There can't be much doubt that people see what they want to believe. It certainly explains why a dozen people can watch the same drama and come away with entirely different views. ;)
That's been a recurring theme of the drama. It's a thought worth exploring. It isn't that there is no reality or facts. I don't think that is what's being advocated here. What OHJ is saying is that we have lenses or grids by which we perceive the reality in front of us. Neuroscientists or cognitive psychologists may call it schema or stories.
For instance, I said a couple of weeks ago that there was something about KYH that rang false ... not just because the show is purpose about including him in the storyline but also that there was something artificial about the way he presented himself. He depicted himself as a simple country cop with few ambitions doing the barest minimum. SY in her simplicity believed that what she saw was what it was. Sunbae portrayed himself as a bit of a buffoon and a low achiever and she bought into that subterfuge. In her defence, that is part of her journey... to try and find that balance between trusting people and looking with investigative savvy eyes. There will always be those who deceive. There's no getting around that but one develops the necessary wisdom to navigate that in time. But trust between colleagues is a key element in getting the work done.

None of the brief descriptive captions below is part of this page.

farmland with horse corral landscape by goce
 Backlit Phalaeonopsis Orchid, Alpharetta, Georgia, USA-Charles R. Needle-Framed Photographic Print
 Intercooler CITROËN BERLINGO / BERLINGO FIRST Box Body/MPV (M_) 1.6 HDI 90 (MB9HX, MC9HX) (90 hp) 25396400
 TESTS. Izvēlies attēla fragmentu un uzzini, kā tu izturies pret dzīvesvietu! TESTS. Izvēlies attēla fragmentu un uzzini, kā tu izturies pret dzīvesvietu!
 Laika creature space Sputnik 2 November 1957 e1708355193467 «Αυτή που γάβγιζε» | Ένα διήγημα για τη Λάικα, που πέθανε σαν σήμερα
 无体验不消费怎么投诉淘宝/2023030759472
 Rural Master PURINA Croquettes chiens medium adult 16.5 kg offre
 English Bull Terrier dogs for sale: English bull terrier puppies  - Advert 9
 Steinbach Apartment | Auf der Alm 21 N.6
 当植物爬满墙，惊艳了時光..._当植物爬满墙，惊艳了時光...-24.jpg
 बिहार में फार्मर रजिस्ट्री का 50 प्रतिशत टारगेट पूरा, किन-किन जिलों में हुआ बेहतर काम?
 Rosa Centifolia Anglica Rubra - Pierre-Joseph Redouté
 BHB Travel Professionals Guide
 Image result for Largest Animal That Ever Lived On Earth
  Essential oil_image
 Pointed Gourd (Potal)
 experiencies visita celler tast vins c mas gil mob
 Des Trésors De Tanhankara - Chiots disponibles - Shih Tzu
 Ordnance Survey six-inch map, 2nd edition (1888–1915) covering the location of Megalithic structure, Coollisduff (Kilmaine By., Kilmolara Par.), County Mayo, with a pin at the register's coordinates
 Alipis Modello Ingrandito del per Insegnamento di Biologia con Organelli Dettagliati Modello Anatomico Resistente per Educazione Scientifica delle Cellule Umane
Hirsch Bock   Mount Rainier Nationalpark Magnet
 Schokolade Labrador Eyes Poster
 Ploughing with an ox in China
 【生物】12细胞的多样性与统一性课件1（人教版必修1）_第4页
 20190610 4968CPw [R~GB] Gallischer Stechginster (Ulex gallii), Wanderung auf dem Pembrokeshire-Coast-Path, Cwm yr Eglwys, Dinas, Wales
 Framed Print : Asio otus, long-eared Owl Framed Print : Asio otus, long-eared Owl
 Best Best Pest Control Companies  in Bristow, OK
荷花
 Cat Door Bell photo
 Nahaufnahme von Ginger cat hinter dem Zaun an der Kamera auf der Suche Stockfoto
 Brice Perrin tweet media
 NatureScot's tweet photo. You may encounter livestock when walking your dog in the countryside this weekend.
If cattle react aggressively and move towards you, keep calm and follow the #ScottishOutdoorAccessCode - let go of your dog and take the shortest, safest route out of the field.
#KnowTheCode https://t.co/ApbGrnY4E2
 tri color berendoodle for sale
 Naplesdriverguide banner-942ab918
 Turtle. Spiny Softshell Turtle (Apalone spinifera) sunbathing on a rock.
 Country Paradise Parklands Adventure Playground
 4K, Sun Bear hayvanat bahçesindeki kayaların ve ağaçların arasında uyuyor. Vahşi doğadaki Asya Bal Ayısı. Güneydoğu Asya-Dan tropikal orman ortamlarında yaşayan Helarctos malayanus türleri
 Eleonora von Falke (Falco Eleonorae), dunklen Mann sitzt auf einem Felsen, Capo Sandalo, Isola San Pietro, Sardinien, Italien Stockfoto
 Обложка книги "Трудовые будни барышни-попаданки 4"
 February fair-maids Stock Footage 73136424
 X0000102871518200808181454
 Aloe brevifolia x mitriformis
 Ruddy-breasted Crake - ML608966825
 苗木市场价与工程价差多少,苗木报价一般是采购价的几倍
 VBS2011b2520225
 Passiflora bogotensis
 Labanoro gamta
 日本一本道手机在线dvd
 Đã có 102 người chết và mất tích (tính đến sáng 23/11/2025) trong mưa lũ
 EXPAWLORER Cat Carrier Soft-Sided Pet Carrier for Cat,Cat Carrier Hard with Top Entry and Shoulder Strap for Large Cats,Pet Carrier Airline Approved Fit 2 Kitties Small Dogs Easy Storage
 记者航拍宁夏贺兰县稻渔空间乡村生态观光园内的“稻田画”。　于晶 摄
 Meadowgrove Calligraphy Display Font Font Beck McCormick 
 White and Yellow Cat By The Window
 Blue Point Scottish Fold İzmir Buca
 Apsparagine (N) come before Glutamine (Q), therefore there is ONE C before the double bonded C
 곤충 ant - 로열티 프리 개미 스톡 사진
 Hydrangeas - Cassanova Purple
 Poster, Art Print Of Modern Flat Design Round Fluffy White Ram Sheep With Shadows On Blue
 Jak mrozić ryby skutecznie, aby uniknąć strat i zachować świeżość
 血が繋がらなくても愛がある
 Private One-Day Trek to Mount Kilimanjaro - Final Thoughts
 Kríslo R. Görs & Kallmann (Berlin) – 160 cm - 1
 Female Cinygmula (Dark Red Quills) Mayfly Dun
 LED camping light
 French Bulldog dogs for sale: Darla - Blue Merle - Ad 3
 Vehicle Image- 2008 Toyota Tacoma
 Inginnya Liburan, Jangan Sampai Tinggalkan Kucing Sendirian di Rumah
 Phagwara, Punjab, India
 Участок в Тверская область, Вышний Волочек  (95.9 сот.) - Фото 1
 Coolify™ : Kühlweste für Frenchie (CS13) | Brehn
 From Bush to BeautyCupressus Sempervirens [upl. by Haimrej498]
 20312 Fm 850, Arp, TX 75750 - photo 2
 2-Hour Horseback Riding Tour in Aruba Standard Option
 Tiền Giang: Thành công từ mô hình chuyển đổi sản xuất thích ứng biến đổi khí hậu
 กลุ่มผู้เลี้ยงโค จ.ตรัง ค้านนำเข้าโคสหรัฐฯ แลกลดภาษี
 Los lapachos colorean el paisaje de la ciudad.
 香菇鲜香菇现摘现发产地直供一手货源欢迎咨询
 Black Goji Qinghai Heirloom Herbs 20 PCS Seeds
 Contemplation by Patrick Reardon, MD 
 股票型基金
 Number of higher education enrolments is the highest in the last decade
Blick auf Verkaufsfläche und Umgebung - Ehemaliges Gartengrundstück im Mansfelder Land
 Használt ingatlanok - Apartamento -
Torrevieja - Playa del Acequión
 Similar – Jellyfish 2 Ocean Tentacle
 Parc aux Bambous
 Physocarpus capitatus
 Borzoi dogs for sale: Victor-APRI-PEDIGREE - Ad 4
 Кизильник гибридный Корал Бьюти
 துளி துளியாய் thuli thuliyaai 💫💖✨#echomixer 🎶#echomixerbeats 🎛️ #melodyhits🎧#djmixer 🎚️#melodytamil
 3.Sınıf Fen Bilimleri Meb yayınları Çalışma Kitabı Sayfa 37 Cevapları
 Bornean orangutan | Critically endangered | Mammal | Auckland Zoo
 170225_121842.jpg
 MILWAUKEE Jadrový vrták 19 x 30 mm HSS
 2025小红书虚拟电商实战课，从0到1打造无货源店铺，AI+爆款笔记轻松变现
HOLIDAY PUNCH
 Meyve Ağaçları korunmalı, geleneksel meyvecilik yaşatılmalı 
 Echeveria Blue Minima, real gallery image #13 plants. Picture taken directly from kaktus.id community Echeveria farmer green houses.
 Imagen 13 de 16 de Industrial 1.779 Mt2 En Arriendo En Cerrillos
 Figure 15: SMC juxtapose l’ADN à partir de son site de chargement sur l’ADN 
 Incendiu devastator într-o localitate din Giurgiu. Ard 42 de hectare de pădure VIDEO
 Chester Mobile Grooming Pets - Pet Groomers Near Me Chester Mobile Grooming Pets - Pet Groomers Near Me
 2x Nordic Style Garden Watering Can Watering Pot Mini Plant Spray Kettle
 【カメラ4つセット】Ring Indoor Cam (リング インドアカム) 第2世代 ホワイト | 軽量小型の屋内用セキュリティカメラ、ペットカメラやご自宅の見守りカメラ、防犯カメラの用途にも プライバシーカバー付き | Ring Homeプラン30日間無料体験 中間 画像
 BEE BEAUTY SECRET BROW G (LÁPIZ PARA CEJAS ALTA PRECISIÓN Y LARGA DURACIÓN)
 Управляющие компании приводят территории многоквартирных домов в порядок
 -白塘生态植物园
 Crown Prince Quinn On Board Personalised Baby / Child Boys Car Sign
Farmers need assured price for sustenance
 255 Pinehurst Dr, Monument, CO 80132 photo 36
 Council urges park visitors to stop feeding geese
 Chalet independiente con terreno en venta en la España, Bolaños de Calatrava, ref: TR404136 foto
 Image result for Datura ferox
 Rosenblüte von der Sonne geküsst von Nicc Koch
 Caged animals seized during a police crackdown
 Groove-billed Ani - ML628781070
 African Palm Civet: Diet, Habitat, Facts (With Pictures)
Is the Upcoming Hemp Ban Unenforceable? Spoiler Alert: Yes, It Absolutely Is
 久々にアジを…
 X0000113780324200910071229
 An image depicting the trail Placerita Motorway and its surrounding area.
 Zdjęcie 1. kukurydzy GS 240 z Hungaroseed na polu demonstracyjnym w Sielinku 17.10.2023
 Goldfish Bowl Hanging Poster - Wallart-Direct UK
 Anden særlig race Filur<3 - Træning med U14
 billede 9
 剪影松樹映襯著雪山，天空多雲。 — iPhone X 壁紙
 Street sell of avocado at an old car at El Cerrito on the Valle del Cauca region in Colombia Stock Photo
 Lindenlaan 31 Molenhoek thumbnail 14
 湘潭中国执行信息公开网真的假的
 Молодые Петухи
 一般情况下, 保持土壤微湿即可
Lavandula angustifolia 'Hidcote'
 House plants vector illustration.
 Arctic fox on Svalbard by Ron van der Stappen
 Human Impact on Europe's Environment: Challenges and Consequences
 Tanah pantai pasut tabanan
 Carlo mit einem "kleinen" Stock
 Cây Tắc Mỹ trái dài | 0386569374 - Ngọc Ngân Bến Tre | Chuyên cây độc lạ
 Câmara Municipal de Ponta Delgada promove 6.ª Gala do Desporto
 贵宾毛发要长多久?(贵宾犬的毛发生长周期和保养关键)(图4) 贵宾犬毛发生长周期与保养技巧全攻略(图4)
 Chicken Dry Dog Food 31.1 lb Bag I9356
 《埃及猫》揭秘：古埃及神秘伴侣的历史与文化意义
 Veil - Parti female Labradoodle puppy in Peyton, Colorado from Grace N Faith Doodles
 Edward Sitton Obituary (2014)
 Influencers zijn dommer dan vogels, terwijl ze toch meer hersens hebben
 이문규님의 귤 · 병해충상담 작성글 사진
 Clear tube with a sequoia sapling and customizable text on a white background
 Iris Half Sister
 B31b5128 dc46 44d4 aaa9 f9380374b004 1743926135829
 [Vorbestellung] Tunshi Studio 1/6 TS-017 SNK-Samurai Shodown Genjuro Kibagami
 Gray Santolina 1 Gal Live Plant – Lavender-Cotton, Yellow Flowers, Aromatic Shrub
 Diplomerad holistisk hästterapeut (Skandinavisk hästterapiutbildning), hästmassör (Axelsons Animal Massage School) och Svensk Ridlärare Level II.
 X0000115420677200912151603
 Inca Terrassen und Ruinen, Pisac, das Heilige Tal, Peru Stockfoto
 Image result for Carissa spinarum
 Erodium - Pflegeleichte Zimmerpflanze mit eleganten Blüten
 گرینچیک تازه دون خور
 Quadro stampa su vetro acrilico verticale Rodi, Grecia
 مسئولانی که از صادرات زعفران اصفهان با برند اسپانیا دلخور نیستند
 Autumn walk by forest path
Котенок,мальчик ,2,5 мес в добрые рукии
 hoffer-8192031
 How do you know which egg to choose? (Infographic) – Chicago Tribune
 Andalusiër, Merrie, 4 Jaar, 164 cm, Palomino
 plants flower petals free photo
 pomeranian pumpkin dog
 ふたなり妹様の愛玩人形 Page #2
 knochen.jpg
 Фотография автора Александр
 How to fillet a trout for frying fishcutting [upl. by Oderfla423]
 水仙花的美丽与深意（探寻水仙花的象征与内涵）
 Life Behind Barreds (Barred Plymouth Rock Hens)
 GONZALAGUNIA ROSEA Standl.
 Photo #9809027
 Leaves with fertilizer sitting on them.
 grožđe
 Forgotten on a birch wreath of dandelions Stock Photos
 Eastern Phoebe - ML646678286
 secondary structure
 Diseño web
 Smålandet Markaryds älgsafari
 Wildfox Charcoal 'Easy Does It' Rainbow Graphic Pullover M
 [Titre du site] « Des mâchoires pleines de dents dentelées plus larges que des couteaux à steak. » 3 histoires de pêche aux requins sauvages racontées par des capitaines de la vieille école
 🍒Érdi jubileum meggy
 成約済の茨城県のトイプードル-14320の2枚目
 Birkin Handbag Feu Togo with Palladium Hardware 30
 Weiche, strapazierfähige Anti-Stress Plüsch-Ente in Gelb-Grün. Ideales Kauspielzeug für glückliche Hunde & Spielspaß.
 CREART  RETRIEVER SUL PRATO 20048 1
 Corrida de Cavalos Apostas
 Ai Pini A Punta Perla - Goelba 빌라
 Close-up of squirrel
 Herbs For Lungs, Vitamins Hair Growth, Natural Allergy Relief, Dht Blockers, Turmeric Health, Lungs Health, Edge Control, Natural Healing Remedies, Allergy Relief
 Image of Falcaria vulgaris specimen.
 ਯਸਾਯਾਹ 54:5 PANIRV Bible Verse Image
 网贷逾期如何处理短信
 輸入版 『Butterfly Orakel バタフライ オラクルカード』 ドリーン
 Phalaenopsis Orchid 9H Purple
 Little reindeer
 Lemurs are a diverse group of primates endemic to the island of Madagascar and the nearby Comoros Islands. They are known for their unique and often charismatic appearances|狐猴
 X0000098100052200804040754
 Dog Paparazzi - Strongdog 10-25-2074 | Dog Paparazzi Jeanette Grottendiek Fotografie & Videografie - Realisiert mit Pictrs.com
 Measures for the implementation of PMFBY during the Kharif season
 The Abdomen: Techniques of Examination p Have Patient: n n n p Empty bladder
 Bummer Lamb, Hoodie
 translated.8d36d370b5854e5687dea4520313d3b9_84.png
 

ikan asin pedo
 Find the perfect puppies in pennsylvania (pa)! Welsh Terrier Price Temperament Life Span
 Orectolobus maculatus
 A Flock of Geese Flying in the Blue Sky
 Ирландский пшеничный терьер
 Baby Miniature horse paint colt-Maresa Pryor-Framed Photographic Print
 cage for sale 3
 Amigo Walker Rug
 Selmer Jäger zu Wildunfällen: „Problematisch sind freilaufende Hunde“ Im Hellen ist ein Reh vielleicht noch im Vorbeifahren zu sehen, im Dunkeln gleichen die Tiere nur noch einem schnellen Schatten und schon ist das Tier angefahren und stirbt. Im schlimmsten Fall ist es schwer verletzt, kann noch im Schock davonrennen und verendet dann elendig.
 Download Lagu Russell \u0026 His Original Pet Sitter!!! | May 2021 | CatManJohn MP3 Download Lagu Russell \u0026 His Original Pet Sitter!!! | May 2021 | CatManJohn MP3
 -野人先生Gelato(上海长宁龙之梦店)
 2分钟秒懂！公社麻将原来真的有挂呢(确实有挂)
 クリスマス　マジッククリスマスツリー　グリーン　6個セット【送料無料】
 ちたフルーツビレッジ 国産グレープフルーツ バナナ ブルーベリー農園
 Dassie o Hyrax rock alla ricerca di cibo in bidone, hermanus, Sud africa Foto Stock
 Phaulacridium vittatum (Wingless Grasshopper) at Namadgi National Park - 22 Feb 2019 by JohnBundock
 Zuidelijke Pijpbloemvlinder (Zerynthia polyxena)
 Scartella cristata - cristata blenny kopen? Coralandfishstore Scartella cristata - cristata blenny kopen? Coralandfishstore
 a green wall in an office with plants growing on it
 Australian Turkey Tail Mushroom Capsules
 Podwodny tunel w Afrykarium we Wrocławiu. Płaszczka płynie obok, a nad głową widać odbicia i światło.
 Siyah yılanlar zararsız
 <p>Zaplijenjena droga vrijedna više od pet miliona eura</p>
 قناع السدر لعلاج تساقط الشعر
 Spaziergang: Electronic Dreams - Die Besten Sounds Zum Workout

For OHJ, this final encounter was a test of his will not to become a murderer although he was clearly crossing the line trying to replicate The Guy's MO as advanced torture techniques. He managed to overcome... as some might say... his baser instincts and not completely lose himself in vengeance for a loved one. For him, SY was like a candlelight in a very dark place, restoring in him some small measure of faith in humanity.
The drama also draws on two millennia of Christian preoccupations regarding the origins of evil. A character like KYH symbolizes the idea of original sin. He is the quintessence of evil in some sense, with no conscience and has no qualms corrupting others. Yet each is responsible for their actions... to whatever degree of evil that their will inclines them. To what extent is the human will free... that has been debated by theologians. All may agree that humans have a will but they might not be as free as they believe. There are internal and external forces at play that lead them to certain choices. That is to say that the will can be shaped and restrained because human beings are created in the image of God. Even after the Fall, for most there is a functioning conscience or a vague sense of what's right and wrong.
Here OHJ represents man after the Fall. He lives with guilt and shame and seeks redemption for allowing someone he loved to die. He finds it in the innocent, untainted SY who hasn't been corrupted by office politics or the evil that has infested individuals that have crossed swords with the devil incarnate.